Just about ten years ago, I came out to my parents. For a long time, that didn’t really mean anything: no changes, no transitioning, just them having the knowledge that I’m trans.
About three years ago, I started on hormones and mark that as the general beginning of my actual transition. While I spent about a year presenting as male some of the time and female some of the time, both of my parents knew I was transitioning and (at some point during that “in between” year) I had a chat with both of them about wanting to be called Rebecca, and referred to with feminine pronouns.

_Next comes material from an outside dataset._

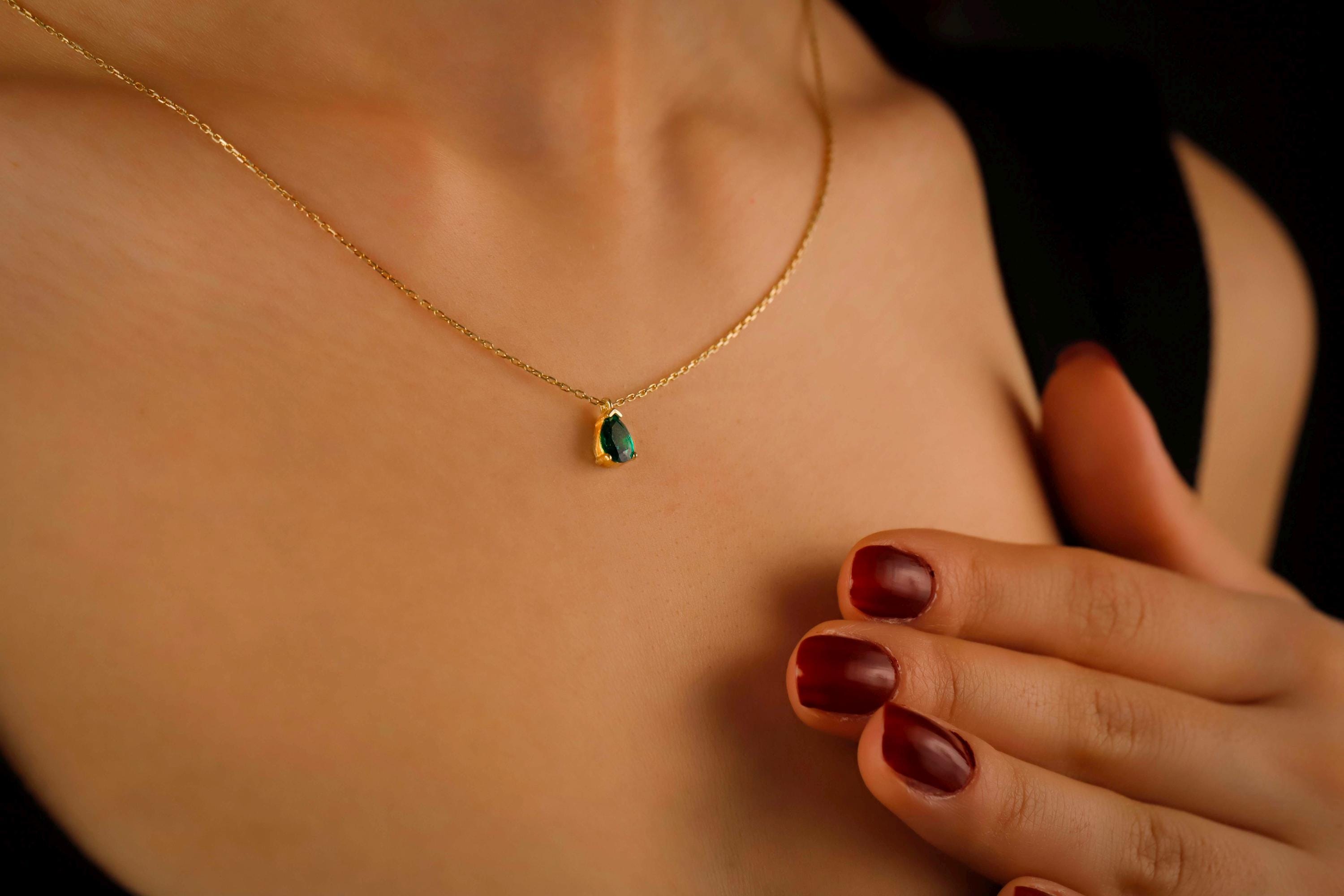 Emerald Elegance: Dainty Sterling Silver Earrings & Necklace Set for a Dazzling Look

Last night, my dad – who is attempting to help me with some insurance stuff from having my gallbladder removed – called to ask my about my social security number. “It’s still under [male name], right?”
I paused, surprised he would even ask such a question. “No, I went to the social security office and had it changed.”

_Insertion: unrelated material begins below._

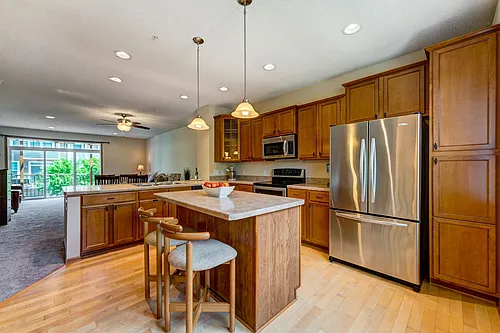 11939 Emery Village Dr N Photo 1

“Oh. But do you have a new card?”
Frustrated, I told him, “Yes. A new card. With Rebecca on it. Sitting on my desk at home. Same social security number, different name.”
It wasn’t until reflecting on the conversation that I realized how upset it made me. After ten years of being out to him, does he not understand how important this is to me? It wasn’t that he wanted to double-check about the name associated social security number. I could understand if he said, “I just wanted to double check that your social security number is under Rebecca now.” Or even, “Hey, what name is on your social security card these days?” I might be a little annoyed, but not really upset or hurt. But the way he did phrase it, assuming it wasn’t important enough to have gotten changed, really made me feel like he still, after all these years, is just as clueless as he was when I came out to him.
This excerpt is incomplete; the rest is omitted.